My working guess is 1.33*BB.

Thanks.

IsaacW
11-15-2004, 04:10 PM
First you'd need to estimate the probability that a particular pot is killed, let's denote that P(kill).

Assuming that the bets double when the pot is killed and that a particular hand being killed does not affect the probability that the next hand will kill, then the average big bet size (in terms of the normal big bet size BB) is:

BB*(1 - P(kill)) + 2*BB*P(kill)

The second assumption is a bit tenuous, because in some kill games the kill is based on the size of the pot, and obviously the pots are more likely to be over the kill amount if the bets are double-sized.
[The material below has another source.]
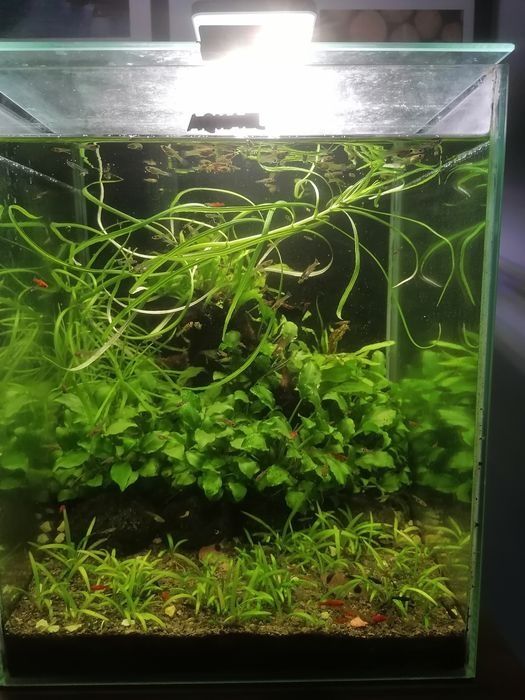 Narybek gupika różna wielkość do 2 cm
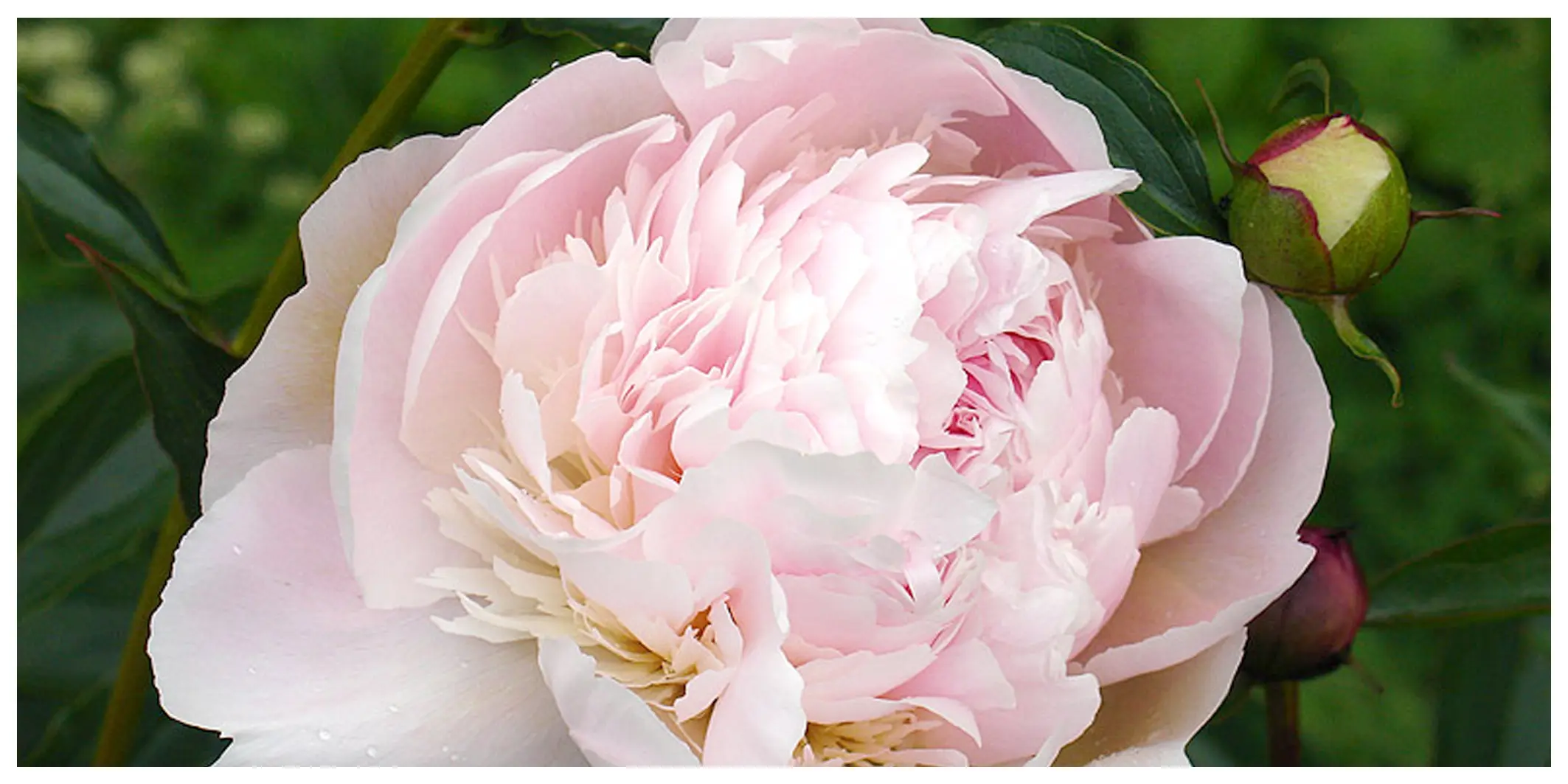 Il significato del fiore di peonia - Che profumo ha la peonia peonia significato fiore - Che profumo ha la peonia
If the kill game was the type that killed after the same person won two pots in a row, then I imagine the second assumption would be OK.

jar
11-17-2004, 07:17 PM
[ QUOTE ]

BB*(1 - P(kill)) + 2*BB*P(kill)


[/ QUOTE ]
Wouldn't this be clearer written as
BB + BB*P(kill)?

If the rule is 2 hands in a row is a kill, P(kill) is 1/n in an n handed game, if you assume that all players are equally likely to win a hand. How close that is to true depends greatly on the players in a game. I'd guess the probability is higher than 1/n in a game with some loose players and some tight players. The loose players are much more likely to win consecutive hands, since they play more hands.

IsaacW
11-18-2004, 03:58 PM
You are right, I never said I was any good at simplifying... the algebra is what gets me, rarely the complex stuff /images/graemlins/grin.gif

I think empirical evidence would be the way to go for estimating P(kill). Of course, SSTS would be a problem...

IsaacW
11-23-2004, 04:43 PM
You could write it even more simply as BB*(1 + P(kill)). Only took me a week!